-- Exercise prompt --
Below are the entries. Transcribe exactly the lines from the one with "Pope Francis arrives" through the one with "Vincenzo PINTO / AFP", ends included, and leave out all others.

-- Provided records --
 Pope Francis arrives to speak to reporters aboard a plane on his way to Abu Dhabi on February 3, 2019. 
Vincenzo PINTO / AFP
==
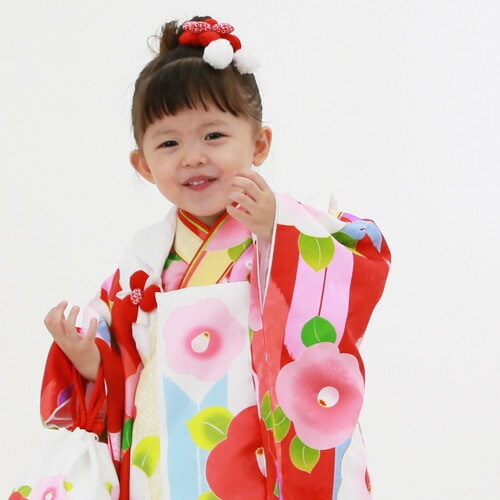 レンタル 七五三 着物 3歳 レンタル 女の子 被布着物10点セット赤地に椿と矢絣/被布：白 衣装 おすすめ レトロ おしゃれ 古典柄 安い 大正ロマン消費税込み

-- The answer --
 Pope Francis arrives to speak to reporters aboard a plane on his way to Abu Dhabi on February 3, 2019. 
Vincenzo PINTO / AFP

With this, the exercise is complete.